- Assignment -
In the records below, find every line that contains "фото" and list it.

- Data -
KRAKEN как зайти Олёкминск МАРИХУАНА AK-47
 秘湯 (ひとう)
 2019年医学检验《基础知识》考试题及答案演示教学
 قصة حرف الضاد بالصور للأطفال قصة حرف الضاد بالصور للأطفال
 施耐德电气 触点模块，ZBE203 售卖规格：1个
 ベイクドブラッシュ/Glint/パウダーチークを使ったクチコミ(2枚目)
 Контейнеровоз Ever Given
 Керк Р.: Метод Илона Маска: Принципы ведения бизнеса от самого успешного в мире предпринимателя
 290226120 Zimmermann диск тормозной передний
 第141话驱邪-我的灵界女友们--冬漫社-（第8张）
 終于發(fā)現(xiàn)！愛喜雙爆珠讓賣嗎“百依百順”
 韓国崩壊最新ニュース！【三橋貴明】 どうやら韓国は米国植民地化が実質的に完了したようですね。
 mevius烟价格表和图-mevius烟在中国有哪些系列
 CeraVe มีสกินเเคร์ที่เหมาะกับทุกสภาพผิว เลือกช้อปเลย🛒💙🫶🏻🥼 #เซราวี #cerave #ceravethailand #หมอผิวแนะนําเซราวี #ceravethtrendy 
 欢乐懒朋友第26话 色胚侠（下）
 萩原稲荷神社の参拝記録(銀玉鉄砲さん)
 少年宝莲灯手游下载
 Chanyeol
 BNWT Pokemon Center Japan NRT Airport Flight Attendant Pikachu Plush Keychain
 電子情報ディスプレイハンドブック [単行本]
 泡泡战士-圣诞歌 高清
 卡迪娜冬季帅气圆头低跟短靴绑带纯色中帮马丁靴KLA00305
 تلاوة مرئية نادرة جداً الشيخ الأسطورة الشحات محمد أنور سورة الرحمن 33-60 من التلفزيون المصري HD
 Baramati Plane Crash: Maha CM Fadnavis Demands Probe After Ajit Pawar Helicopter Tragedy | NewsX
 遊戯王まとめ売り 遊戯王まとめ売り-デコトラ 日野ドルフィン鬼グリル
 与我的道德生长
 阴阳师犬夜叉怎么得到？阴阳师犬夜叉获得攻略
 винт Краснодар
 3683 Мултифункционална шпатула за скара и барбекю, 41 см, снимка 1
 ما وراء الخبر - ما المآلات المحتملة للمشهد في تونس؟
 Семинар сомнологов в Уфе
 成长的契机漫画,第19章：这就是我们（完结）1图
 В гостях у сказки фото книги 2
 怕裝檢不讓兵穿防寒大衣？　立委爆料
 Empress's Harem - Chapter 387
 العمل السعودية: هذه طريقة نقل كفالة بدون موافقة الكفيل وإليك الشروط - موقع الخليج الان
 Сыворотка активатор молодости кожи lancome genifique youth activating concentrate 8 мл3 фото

- Expected answer -
 В гостях у сказки фото книги 2
 Сыворотка активатор молодости кожи lancome genifique youth activating concentrate 8 мл3 фото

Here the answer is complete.